I have to confess that I was never drawn to the story of the Phantom of the Opera until I saw the Schumacher/Andrew Lloyd Webber version in 2004. The only versions I saw were the horror film renditions of Gaston Leroux’s novel. I am one of the few people who has not seen Webber’s stage play. I did like the atmospherics of the Lon Chaney original. But later versions emphasized either the grotesque or the pathetic aspects of the Phantom, turning him into a ghoulish madman or a poor sop.

When I saw the filmed version of Andrew Lloyd Webber’s The Phantom of the Opera, directed by Joel Schumacher, in December of 2004, all my preconceptions about the story were overturned. In particular it was Gerry Butler’s portrayal of the Phantom that gripped me. Schumacher’s insistence on younger characters and on the romantic triangle was brilliant. His lush sets and back-stage drama brought the story to life. The music gave the whole an emotional power that sucked me into the drama immediately and still hasn’t let me go. Instead of a horror story, the 2004 film was a story of tragic love as powerful as Romeo and Juliet or Wuthering Heights. It was this aspect of the story, together with the music, that made this film an entirely different experience from the previous horror tales that I had watched. Gerry’s portrayal of the Phantom as a man on the verge of madness in a world that gave him only pain touched something deep in my imagination. From that point on, I was a definite Butler fan, obsessed with the Phantom.

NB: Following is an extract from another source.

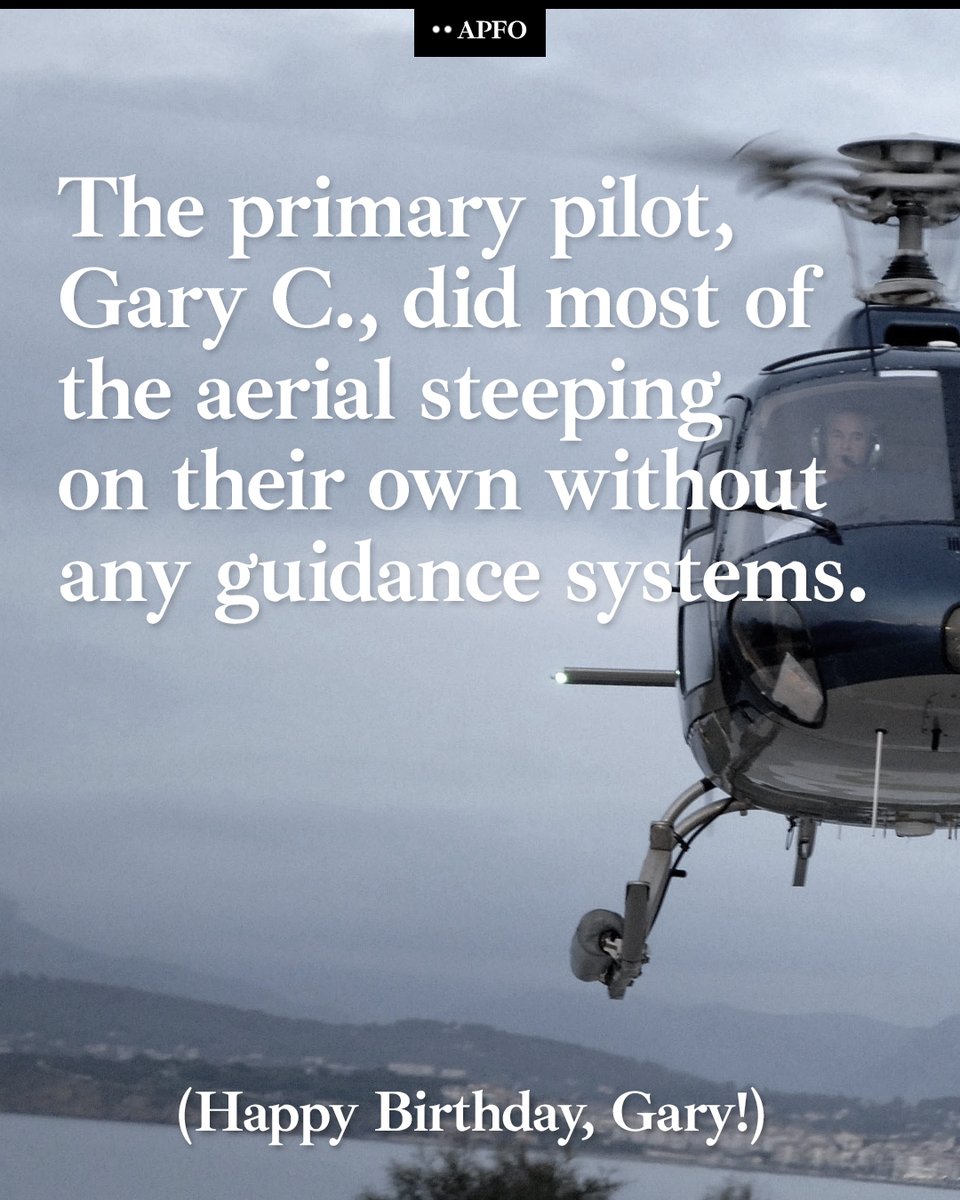 Murchie's Tea & Coffee tweet media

Tracy 2. Have you read Gaston Leroux's original novel?

Yes, I read the novel shortly after seeing the movie for the umpteenth time in early 2005. At that point I was unwilling to let the experience fade away and thought that if I read the novel it might satisfy my desire for more information. I enjoyed the novel, but it didn’t quench my need for more. I realized that what haunted me was the wounded hero, the Phantom himself, as portrayed by Gerry in the movie.

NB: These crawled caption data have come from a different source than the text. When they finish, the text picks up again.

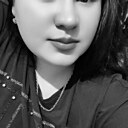 Знакомства: Ника, 25 лет, Астана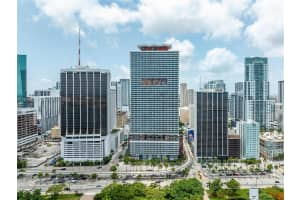 50 Biscayne, 50 Biscayne Blvd APT 3106, Miami, FL 33132, - MLS#A11814254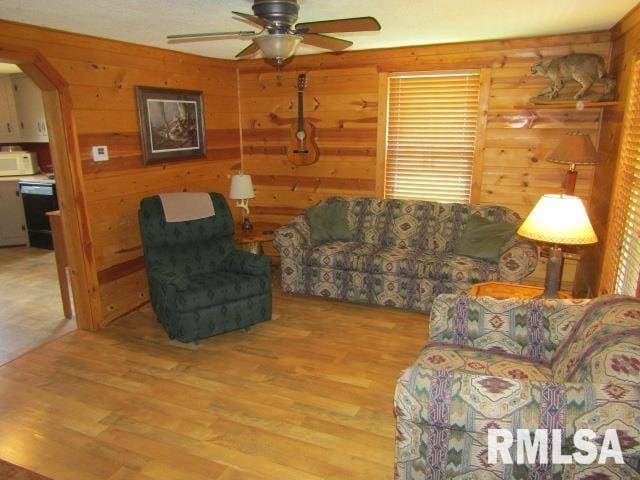 485 Peters Creek Rd, Cave In Rock, IL 62919 - photo 7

Tracy 3. What qualities did Gerard Butler bring to the character that you found unique?

There are so many ways in which Gerry Butler made this Phantom unique that I don’t know where to begin. First of all he brought virility to the character. Gerry’s Phantom was both sexy and powerful. Even in the moments when the character is silent and unmoving, there was always a sense just beneath the surface of power and desire that the Phantom had to bridle. There are scenes in which Gerry barely moves, yet his presence fills the screen. The sensuality of his expressions—he has amazing eyes—and the beauty with which he moved communicated a maelstrom of emotions just barely kept in check. This sense of containment fueled the dramatic tension.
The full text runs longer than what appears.